▶ [What to work on]: Start with the line that holds "poppy pin, various sizes". Please copy it and each remaining line below exactly, leaving pictures out.

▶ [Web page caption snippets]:
======
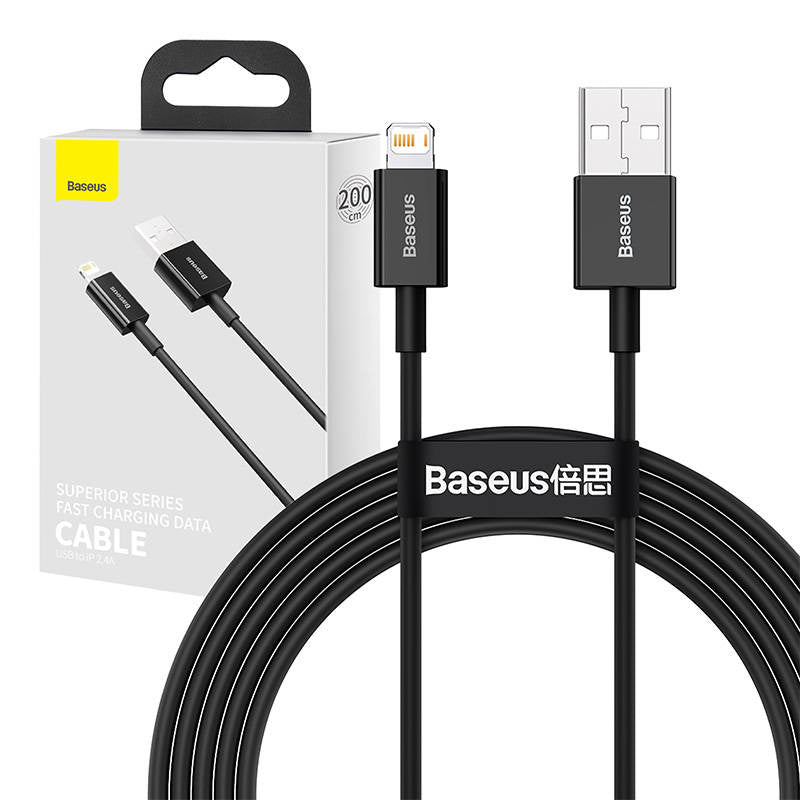 Cumpara acum Cablu USB cu fulger de bază Superior Series, 2.4A, 2m (czarny) de la Mesterul Minune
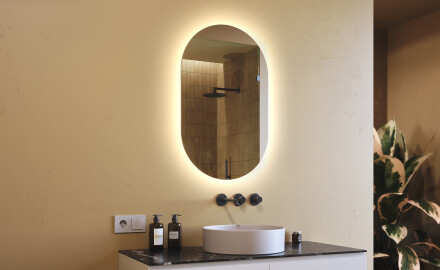 LED-valaistus Custom Mirror Kylpyhuoneen valaistus 50x80cm kylmän sävyinen LED-valo 7000K, lämmin valo 3000K tai neutraali valo 4500K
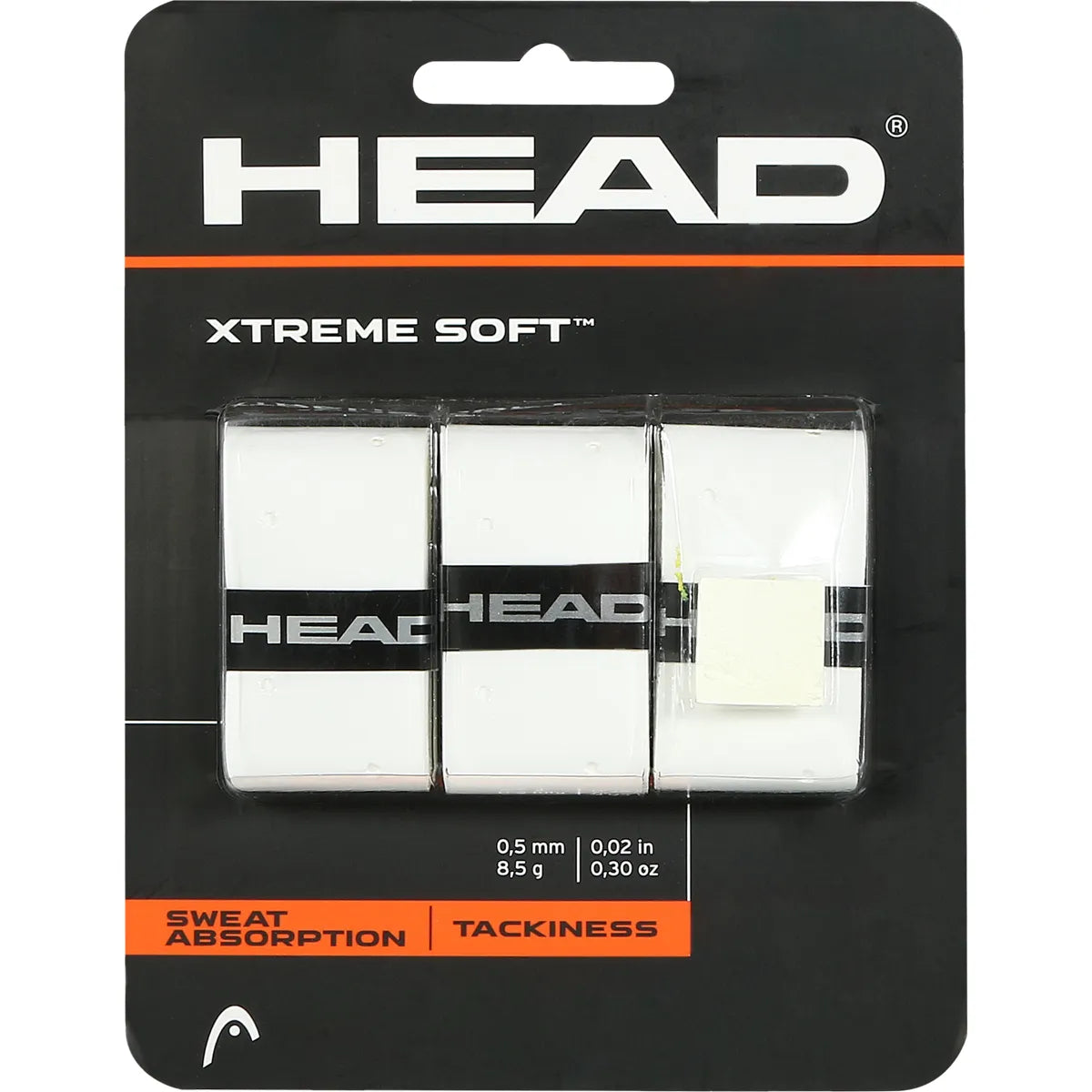 HEAD XTREME SOFT OVERGRIPS x3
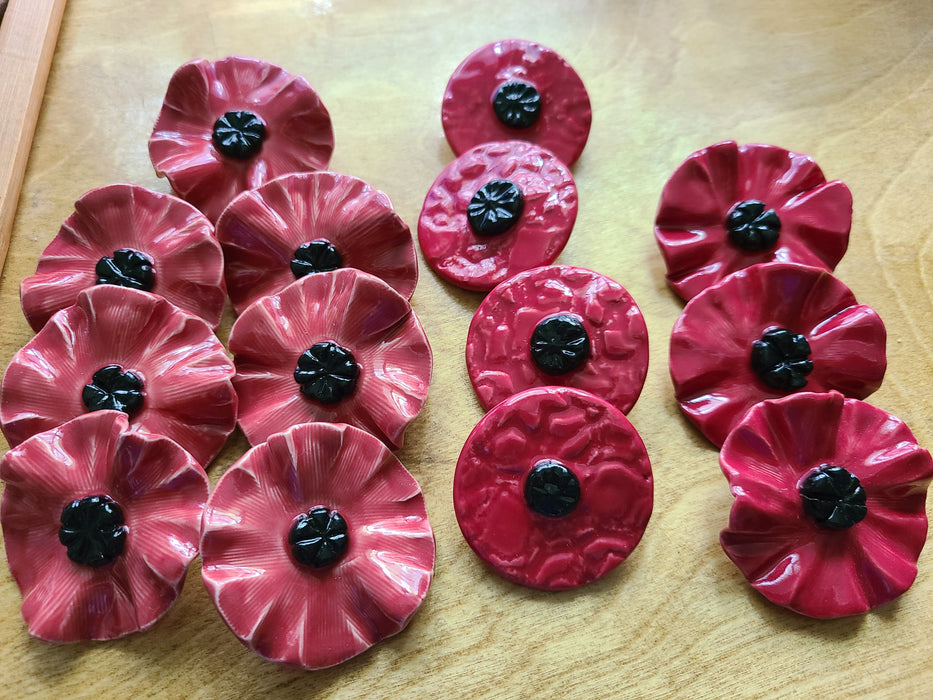 poppy pin, various sizes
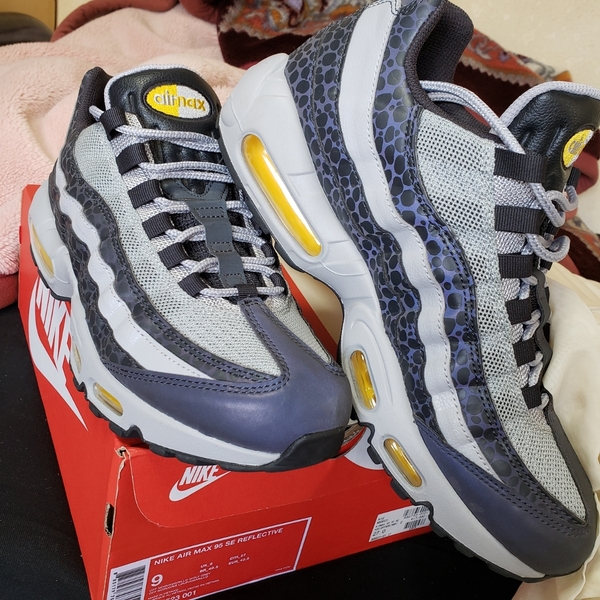 元箱付 NIKE ナイキ AIRMAX エア マックス 95 リフレクティブ SE 27cm スニーカー US9 ランニング running シューズ sneaker 運動 shoes 靴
======
▶ [Reply to the task]:
 poppy pin, various sizes
 元箱付 NIKE ナイキ AIRMAX エア マックス 95 リフレクティブ SE 27cm スニーカー US9 ランニング running シューズ sneaker 運動 shoes 靴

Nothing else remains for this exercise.